Friday, May 25, 2012

THE ONLY PHILOSOPHICAL QUESTION

"I almost did it this time," Erick says on the phone as I wake up in the afternoon sticking to the sheets. I get the May sun pressing me down through my bedroom window. I recall that I woke earlier to a raging thunderstorm and look outside and think it must have been a dream until I notice that my girlfriend unplugged the TV. "I stood in front of the mirror for two hours this morning with a large knife I got for $4 yesterday at Walmart, when I asked if you wanted to go with me to pick up some things and you said you were busy with Sara."
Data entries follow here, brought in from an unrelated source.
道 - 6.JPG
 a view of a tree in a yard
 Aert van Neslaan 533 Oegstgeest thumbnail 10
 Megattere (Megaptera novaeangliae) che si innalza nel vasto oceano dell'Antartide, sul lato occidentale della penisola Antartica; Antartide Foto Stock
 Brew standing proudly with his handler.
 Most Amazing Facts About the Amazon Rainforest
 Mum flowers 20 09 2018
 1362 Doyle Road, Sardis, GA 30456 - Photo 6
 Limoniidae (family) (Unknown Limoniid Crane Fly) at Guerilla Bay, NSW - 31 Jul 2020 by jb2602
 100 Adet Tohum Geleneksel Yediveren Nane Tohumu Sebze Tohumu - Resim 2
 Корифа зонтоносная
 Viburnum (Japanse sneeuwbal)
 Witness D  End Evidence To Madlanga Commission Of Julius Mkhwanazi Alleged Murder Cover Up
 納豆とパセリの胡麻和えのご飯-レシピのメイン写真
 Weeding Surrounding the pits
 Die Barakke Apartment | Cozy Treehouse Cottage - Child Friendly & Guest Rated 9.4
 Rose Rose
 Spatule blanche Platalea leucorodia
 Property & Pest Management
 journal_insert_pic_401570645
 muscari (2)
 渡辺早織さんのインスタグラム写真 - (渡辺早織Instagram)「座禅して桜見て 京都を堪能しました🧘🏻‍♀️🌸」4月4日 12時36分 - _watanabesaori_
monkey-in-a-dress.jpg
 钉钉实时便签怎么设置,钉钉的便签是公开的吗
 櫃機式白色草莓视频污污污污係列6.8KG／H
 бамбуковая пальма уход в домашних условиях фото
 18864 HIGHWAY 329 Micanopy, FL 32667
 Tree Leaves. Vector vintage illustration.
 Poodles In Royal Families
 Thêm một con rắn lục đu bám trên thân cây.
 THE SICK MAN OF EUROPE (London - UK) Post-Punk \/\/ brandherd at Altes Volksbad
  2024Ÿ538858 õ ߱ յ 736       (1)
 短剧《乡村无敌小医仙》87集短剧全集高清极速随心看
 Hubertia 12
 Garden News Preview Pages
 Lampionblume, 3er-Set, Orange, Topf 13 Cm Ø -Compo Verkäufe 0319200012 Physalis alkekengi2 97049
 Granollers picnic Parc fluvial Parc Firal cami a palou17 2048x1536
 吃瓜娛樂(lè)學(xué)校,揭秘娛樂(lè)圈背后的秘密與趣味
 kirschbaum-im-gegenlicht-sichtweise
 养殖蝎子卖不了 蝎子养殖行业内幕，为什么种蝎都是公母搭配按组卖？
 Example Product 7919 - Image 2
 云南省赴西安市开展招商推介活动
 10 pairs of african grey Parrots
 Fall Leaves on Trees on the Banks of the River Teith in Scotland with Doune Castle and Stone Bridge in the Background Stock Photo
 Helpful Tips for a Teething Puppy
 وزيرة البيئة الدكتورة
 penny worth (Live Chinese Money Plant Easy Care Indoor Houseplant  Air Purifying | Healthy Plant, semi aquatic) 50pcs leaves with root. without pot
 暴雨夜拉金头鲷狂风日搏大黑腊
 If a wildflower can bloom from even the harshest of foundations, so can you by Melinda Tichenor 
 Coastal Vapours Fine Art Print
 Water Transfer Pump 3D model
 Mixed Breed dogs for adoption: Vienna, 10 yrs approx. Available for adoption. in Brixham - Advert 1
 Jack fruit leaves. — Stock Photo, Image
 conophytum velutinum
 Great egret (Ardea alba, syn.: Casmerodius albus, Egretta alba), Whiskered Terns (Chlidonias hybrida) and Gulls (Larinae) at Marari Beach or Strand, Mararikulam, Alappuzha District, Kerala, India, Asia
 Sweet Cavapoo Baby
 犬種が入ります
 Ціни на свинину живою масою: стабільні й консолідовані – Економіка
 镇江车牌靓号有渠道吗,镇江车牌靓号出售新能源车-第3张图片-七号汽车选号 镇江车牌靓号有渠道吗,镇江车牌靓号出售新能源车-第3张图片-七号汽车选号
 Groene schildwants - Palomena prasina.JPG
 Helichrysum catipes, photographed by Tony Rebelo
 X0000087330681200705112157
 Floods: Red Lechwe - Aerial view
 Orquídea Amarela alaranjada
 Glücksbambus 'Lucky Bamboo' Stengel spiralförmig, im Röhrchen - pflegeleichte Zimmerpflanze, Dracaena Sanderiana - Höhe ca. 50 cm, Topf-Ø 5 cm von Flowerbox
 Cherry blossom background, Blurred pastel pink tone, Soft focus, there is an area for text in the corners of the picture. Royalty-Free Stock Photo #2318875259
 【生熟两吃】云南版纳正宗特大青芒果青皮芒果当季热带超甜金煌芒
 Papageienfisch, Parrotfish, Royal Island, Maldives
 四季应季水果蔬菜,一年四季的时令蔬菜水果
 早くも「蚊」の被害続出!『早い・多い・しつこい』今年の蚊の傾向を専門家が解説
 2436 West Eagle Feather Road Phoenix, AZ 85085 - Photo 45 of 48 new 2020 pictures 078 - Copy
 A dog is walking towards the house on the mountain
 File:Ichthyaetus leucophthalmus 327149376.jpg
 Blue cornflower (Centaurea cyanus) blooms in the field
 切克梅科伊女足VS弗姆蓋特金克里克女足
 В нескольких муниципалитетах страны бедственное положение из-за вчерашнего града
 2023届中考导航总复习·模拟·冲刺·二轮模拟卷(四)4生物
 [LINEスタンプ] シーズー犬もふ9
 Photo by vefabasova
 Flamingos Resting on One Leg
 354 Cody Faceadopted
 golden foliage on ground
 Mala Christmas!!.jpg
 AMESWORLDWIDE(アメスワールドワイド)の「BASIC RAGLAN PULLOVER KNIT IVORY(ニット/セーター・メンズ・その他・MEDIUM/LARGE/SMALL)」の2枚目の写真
"What were you looking for?" I ask.
"I... I wanted to by a knife," he says.
"In the mirror."
He says he doesn't know. He hasn't slept in 26 hours. It's been a couple of years, but we've had this phone call before. I'm tired and annoyed and I'm scared to be angry with him. he tells me that life is painful. That I must really hate him to want him to stay in so much pain. The way he describes pain, you would think he invented it.
"Have you been taking your medication?" I ask.
"What's the point?" he says.
"So you can live your life."
"What's the point of living my life," he asks.
"I know things have been rough lately," I try, "but it hasn't always been that way. It's hard to see it right now, but there is enough good possible to keep trying."
"But what's the point?" he asks.

I am fully aware that have been asked the meaning of life; a human life very possibly hangs on my answer. As any aspiring philosopher, I had hoped to confront the problem of suicide in the manner of the greats before me: from a comfortable life, the safe aesthetic distance and several levels of abstraction that insulates me from the subject allows me to view it with piercing objectivity. A single pithy-yet-elegant sentence would enamor students for centuries, though few would read my mutli-volume work (maybe Principia Philosophica?) posthumously inducted into the philosophical canon.  In other words, I never meant to be tested with something so urgent, so physical and real.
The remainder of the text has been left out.